As we sink into the La-Z-Boy recliner, watch the cable TV news about Hurricane Gustav, pop open another beer and pat our fat, comfortable bellies, it is appropriate to pause and consider the condition of the working man and woman in Virginia and the United States on this Labor Day.

We’ve heard a lot of speeches and commentary in recent days about the miserable condition of the laboring class in the United States. The multimillionaires may be prospering, but everyone else is mired in wage stagnation, home foreclosures and credit card debt. The last eight years have been a disaster. The country is crying out for change.

Carmudgeon that I am, I decided to check the facts. Unfortunately, the Bureau of Labor Statistics’ searchable database only has data through 2006, so I gathered the data from 2001 (the bursting of the Internet bubble) to 2006 for wages and salaries. Note that I focused on wages and salaries because I wanted to exclude the income from interest, dividends, capital gains and other sources of revenue that mainly benefit the plutocracy. I also didn’t want to focus on “per capital income,” my usual favorite metric, because of the need to make adjustments for evolving family size, labor force participation and so on. The numbers I’m provide are plain, old wages and salaries for everyday working Joes and Janes.

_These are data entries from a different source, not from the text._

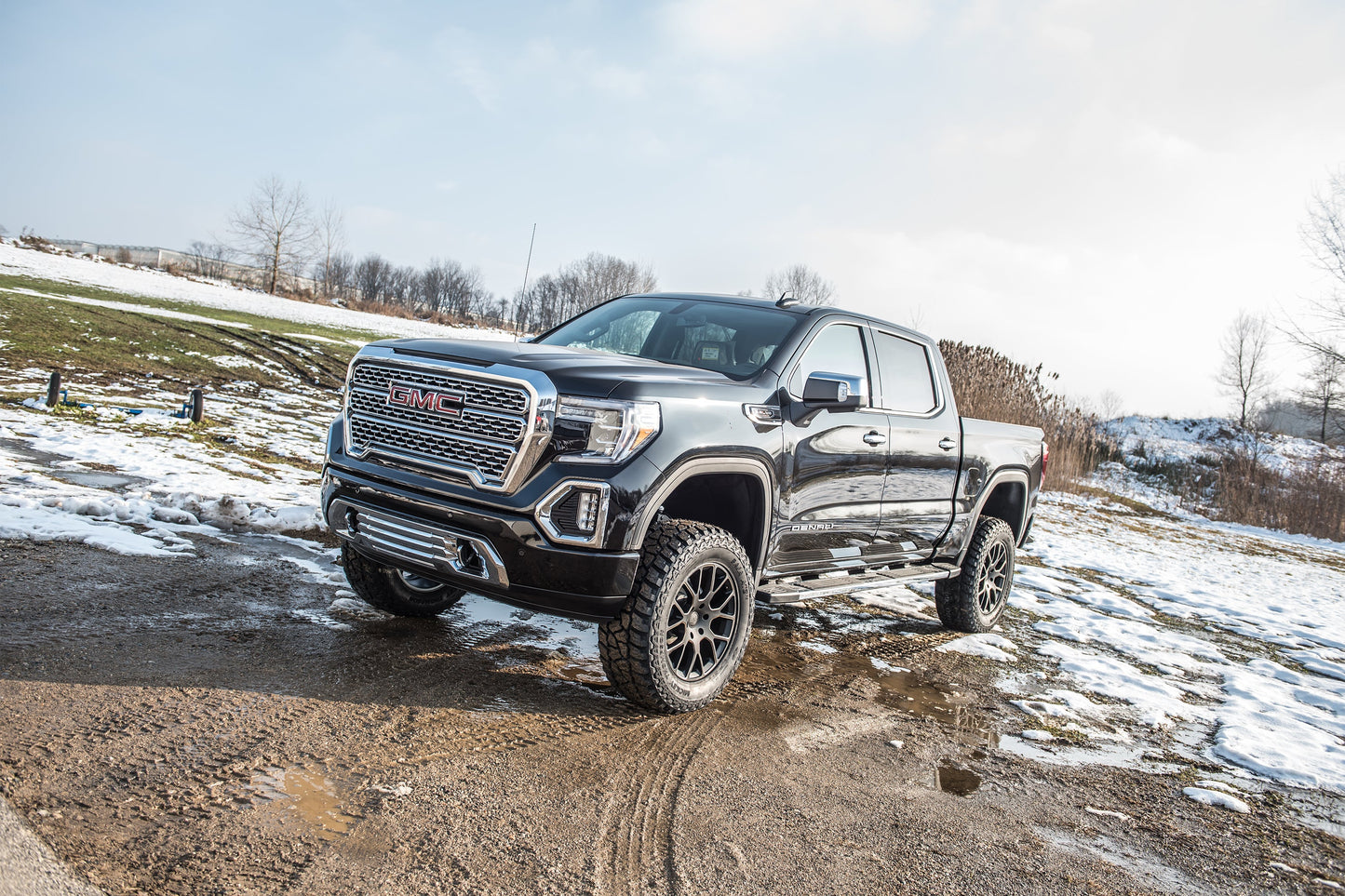 6 Inch Lift Kit | Adaptive Ride Control Only | Chevy Silverado High Country or GMC Denali 1500 (19-23) 4WD | Gas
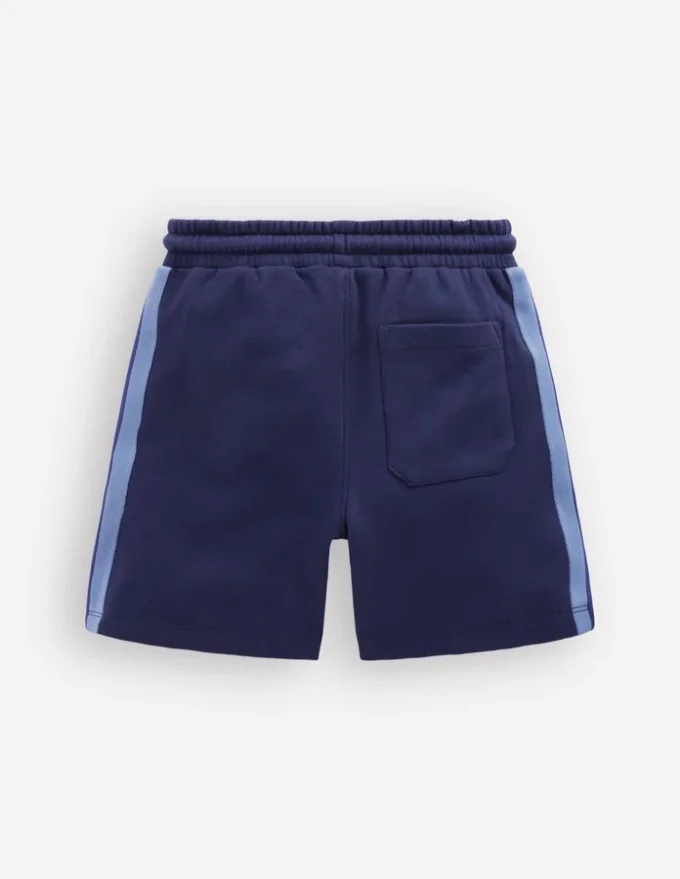 Colourblock Shorts Navy Colourblock Shorts Navy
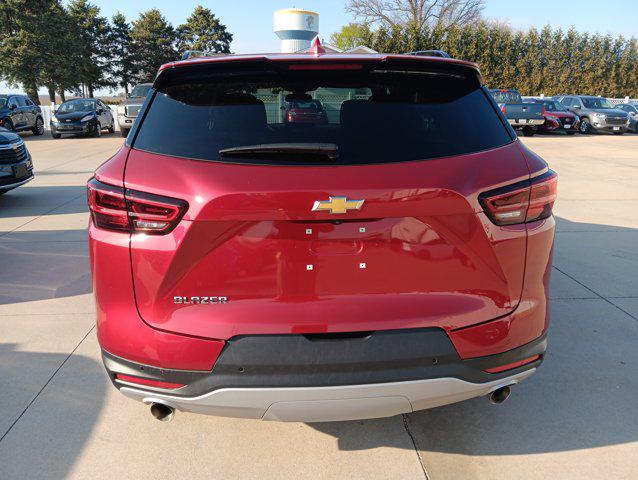 2024 Chevrolet Blazer FWD 2LT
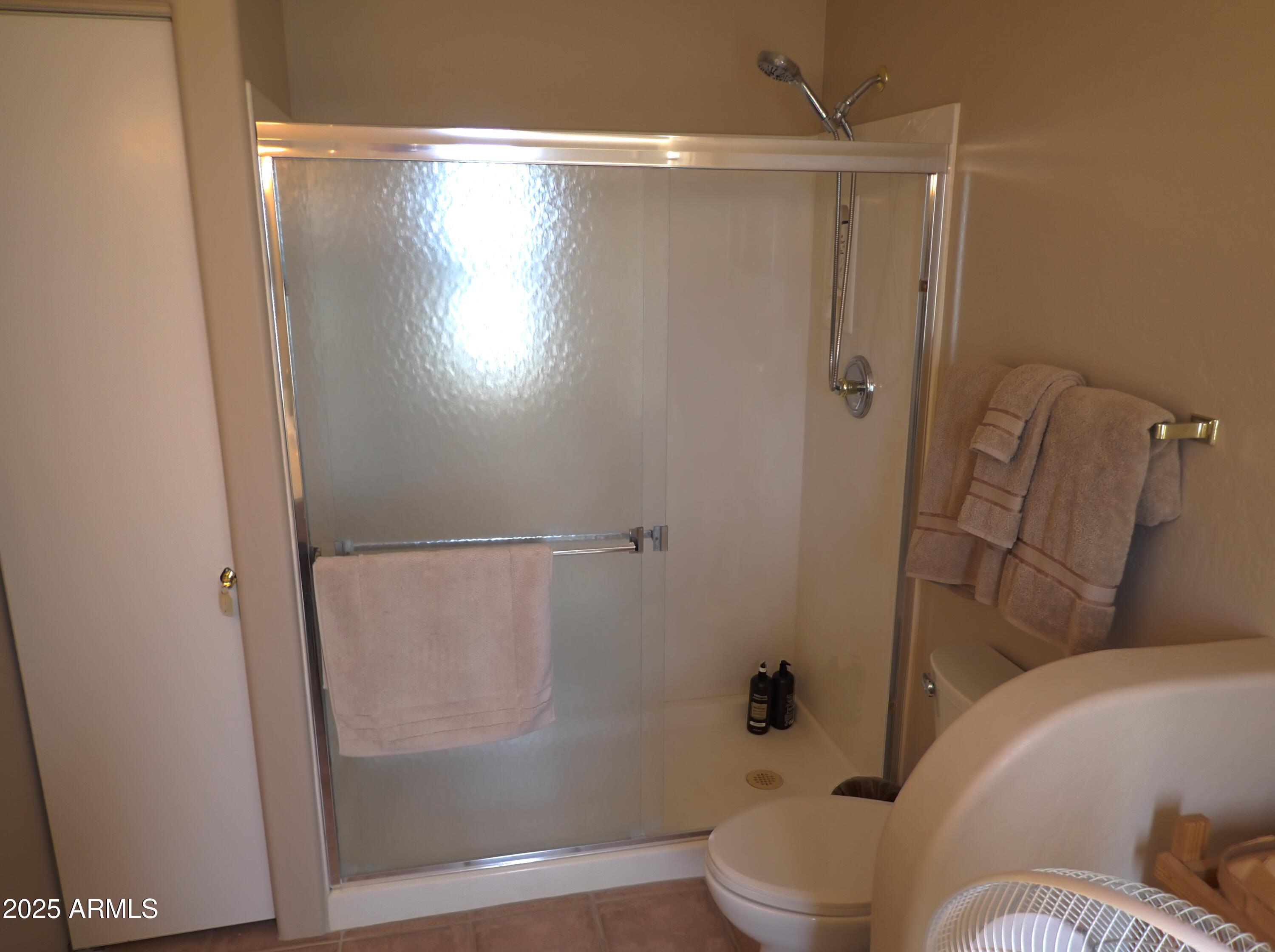 38065 North Cave Creek Road, Unit 20 Cave Creek, AZ 85331 - Photo 42 of 47 upstairs-shower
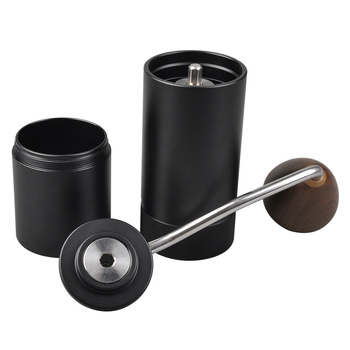 Rankinis kavos pupelių malūnas - namų naudojimui, Youcheng prekės ženklas, 2020 m. pavasaris, logotipo personalizavimas galimas, įtrauktas šepetys ir instrukcijos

The rate of inflation over that five-year period was 13.8 percent. The average wage/salary gain for all Americans was 18.0 percent — thus, Americans enjoyed an inflation-adjusted gain of 4.2 percent in wages and salaries. That’s hardly a breathtaking breakthrough in prosperity, but it does contradict the picture of members of the working classes getting their noses ground into the dirt.

Virginia fared somewhat better than the nation as a whole — wages/salaries gained 21.3 percent. That was good enough to rank it the 11th top performing state in the country.

Hampton Roads led the way, rebounding vigorously from its wage stagnation in the 1990s. It was followed by the Charlottesville, Washington and Blacksburg-Christiansburg MSAs. Here are the numbers:

Hampton Roads…24.2%
Charlottesville… 22.6%
Washington… 21.7%
All Virginia metropolitan areas… 21.3%
Blacksburg-Christiansburg… 20.8%
Richmond… 20.2%
All Virginia non-metro areas…17.4%
Bristol-Kingsport… 17.0%
Roanoke… 16.6%
Lynchburg… 16.1%
Harrisonburg… 15.7%
Danville… 13.8%

Poor Danville brought up the rear, but Danville residents can take on small morcel of satisfaction: They performed better than the state of Michigan, which saw wages/salaries increase only 13.1%.

So, Virginians, celebrate this day. Despite what you hear, life is actually OK.

Update: In his Labor Day post on “Growls,” Tim Wise emphasized that American workers not only are making more money but are enjoying more leisure time and spending more of their income on recreation. Since the mid-’60s, the typical worker spend 8 fewer hours per week working, and has increased the percentage of personal expenditures devoted to recreation from 6.6 percent in 1970 to 8.7 percent in 2005.